Premier inédit du programme : le Concerto en mi bémol majeur de Jean-Marie Leclair, dont les œuvres séduisent les auditeurs du temps, y compris à la Cour. Cette page provient de deux sources, l’une berlinoise, l’autre émanant de Stockholm, et des idées d’autres concertos se retrouvent, dans une autre tonalité. Le charme agit, à notre avis, bien plus que chez Aubert et Quentin. Leclair, passé lui aussi par le Concert Spirituel, est considéré comme le fondateur de l’école française de violon ; il arrive à équilibrer les apports des styles italiens et locaux avec une virtuosité présente mais maîtrisée. 

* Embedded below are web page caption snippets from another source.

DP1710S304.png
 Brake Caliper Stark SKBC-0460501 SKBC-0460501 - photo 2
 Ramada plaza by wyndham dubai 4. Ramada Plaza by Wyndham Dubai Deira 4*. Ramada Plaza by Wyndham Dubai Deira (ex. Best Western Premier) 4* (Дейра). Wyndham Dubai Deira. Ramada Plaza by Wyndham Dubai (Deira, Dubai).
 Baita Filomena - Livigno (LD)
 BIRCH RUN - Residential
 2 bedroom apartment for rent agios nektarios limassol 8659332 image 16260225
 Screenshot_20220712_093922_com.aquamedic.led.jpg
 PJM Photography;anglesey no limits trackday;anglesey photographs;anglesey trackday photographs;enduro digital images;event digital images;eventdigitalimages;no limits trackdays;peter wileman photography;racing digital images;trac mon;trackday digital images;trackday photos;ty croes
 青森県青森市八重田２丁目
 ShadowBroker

Le Concerto à cinq instruments d’André-Joseph Exaudet est l’autre première discographique mondiale de l’album. Né à Rouen où il se fait connaître comme un brillant virtuose, Exaudet devient violoniste à l’Opéra de Paris, se produit au Concert Spirituel, puis parmi les Vingt-Quatre Violons du roi avant d’être engagé à la Cour de Condé. Il est l’auteur d’un célèbre menuet qui porte son nom et a servi de base à un grand nombre de chansons du temps. Cette page est riche d’un Andante initial chantant, suivi d’un Largo voué à deux violons qui accompagnent le soliste dans un climat émouvant. L’Allegro ma non presto bénéficie d’une cadence étonnante aux traits fortement hachés ; ces mesures complémentaires ont été récemment redécouvertes dans une bibliothèque de Dresde. Un défi pour le soliste qui se lance dans cet exercice de haut vol avec une audacieuse habileté. Le programme s’achève par le Concerto comique n° 25 de Corrette, farci de mélodies familières, une flûte venant s’ajouter aux cordes. 

L’Ensemble Diderot propose de ce panorama une vision équilibrée, les instrumentistes faisant preuve d’une sensible écoute mutuelle. Quant à Johannes Pramsohler, ses interventions solistes sont à la mesure de l’attente : sûres et marquées du sceau d’une virtuosité réfléchie. Pourtant, malgré ces qualités, on n’est pas transporté par ce programme qui, s’il s’écoute avec plaisir, engendre un climat que l’on n’osera pas taxer de monotonie, mais plutôt de manque de couleurs. Un univers en recherche de sa propre personnalité, ainsi apparaissent ces pages des origines du violon français, enregistrées en décembre 2020 dans le Gustav-Mahler-Hall de la cité italienne de Toblach.